Normal response to standing (non-POTS) -- 10-20 BPM increase and vasoconstriction
Dyspnea means difficulty breathing; diaphoresis means excessive sweating (both symptoms of POTS)
Symptoms due to low blood flow to brain: lightheaded, syncope, low concentration, headache, blurred vision, fatigue, exercise intolerance
Symptoms due to hyperadrenergic response (too much adrenaline): dyspnea, chest discomfort, palpitations, tremulousness, anxiety, diaphoresis, nausea
Questions to ask patients (all of these really hit home for me!)
How do you feel in line/shopping? Standing at reception, in chorus, or at a service? After a hot bath/shower/sauna? After standing more than 5 mins?
Do you study in a reclined position, knees to chest, or feet under you?
Do you fidget or move around when standing?
People with POTS naturally prefer postures (or sitting) that promote higher BP -- a lot of kids retort with "See mom, I told ya!"
Tend to pace rapidly instead of standing (I always wondered why I had to pace while brushing my teeth!)

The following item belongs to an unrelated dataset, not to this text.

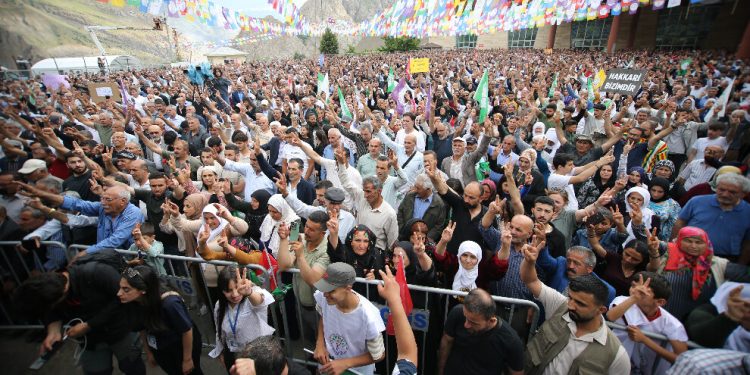 Gaspa karşı miting: Halkın iradesi üzerinde irade tanımıyoruz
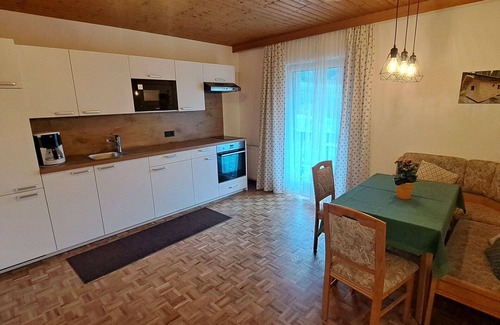 Oberwang Villa | Cosy apartment in villa for 5 people with WIFI, TV and balcony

Neuromediated hypotension (NMH) /vasovagal syncope (doesn’t meet POTS numbers)
Dependent acrocyanosis -- change in color of limbs while standing (capillary refill test)
Possible reasons for POTS:
Not vasoconstricting (not sure why)
10-15% reduction in blood volume (not anemia OR concentrated hemoglobin)
Both cause increased sympatho-adrenal response
(epinephrine or norepinephrine)
Literature describes these as one or the other, but can actually be a spectrum and/or combined
Deconditioning is a contributing factor, but not the sole cause
"For every complex problem, there is a solution that is simple, neat, and wrong." H.L. Mencken
How to manage:
1. Non-pharma measures
wear compression gear
**mid-section spanx can help stop blood from pooling in the belly (or abdominal binder)
cooling garments (Neck wraps, cooling hats, towels, vests, etc **websites on the slide)
Drink at least 2L water (but too much water is nauseating); eat salt or take salt tablets
other salt options: Liquid IV, ceralyte, hydration multiplier, trioral
Avoid sleeping more than 12 hrs (dehydration)
don't just stop getting up! Avoid deconditioning. Exercise!!
**you lose 15% of blood volume in the first week or two of bed rest, but sl exercise stops this
High carb meals can cause POTS immediately after eating
Raising the head of the bed is anti-diuretic effect to preserve blood volume (makes you pee less!)
--> Postural counter-measures:
Legs crossed, squatting, wearing heels (just a little), knee-chest, lean forward, foot rest, clench fists
***TRUST YOUR INSTINCTS
Driving with one food up or crossed under
The lower the seat, the better
2. Treat other conditions (EDS, Sjogren's, allergies, MCAS, ME/CFS, etc)
3. Medication -- often need to try many before finding the right fit
--> surprisingly Ritalin can treat POTS, so patients misdiagnosed with ADHD aren't too screwed!